→ **WHAT YOU NEED TO DO**
Your output should be the records below, word for word and picture-free.

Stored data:
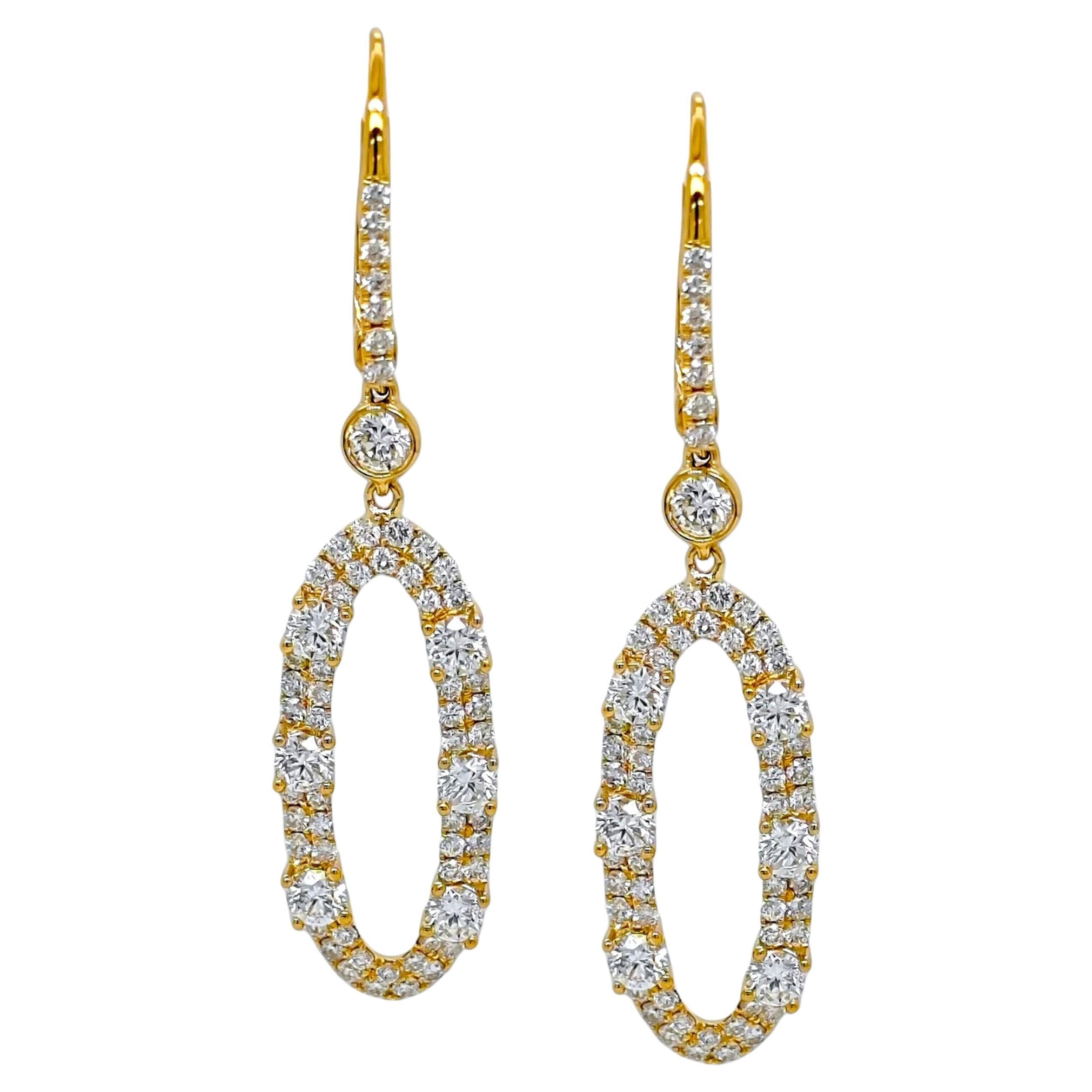2,00 Carats  Boucles d
oreilles en or jaune et diamant blanc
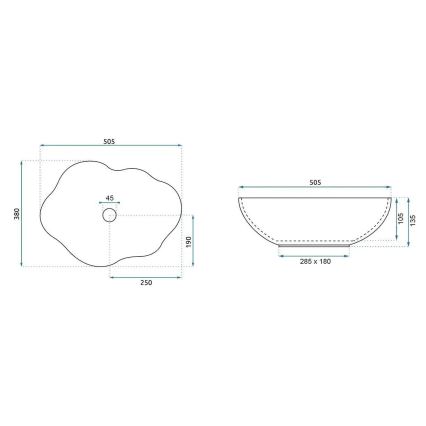 REA-U0618 - Umivalnik na pult PEARL 38x50,5 cm keramika/bež/imitacija kamna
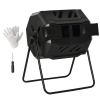 Tumbling Compost Bin Outdoor 360° Dual Chamber Rotating Composter 43 Gallon, Black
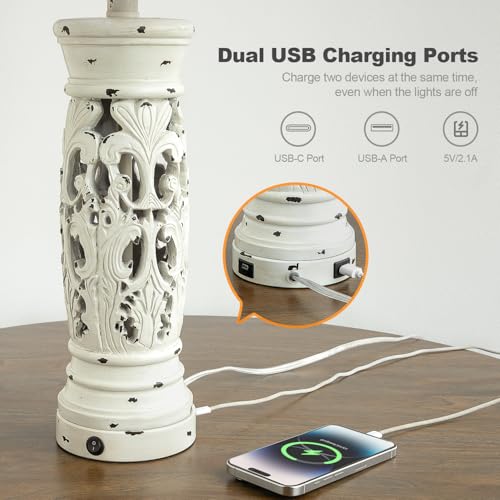 BOBOMOMO 27.25” Farmhouse Table Lamps Set of 2 – Antique White Bedside Lamps with Night Light & USB A+C Ports, Vintage Lamps for Bedroom, Living Room, Entryway, Console Table (Bulbs Included) - color: Antique White
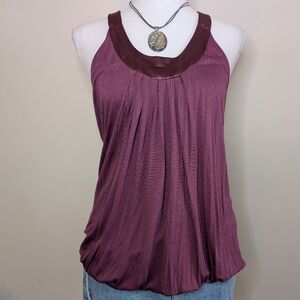 Bubble Hem Purple Tank Top With Satin Trim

→ **WRITTEN SOLUTION**
2,00 Carats  Boucles d
oreilles en or jaune et diamant blanc
 REA-U0618 - Umivalnik na pult PEARL 38x50,5 cm keramika/bež/imitacija kamna
 Tumbling Compost Bin Outdoor 360° Dual Chamber Rotating Composter 43 Gallon, Black
 BOBOMOMO 27.25” Farmhouse Table Lamps Set of 2 – Antique White Bedside Lamps with Night Light & USB A+C Ports, Vintage Lamps for Bedroom, Living Room, Entryway, Console Table (Bulbs Included) - color: Antique White
 Bubble Hem Purple Tank Top With Satin Trim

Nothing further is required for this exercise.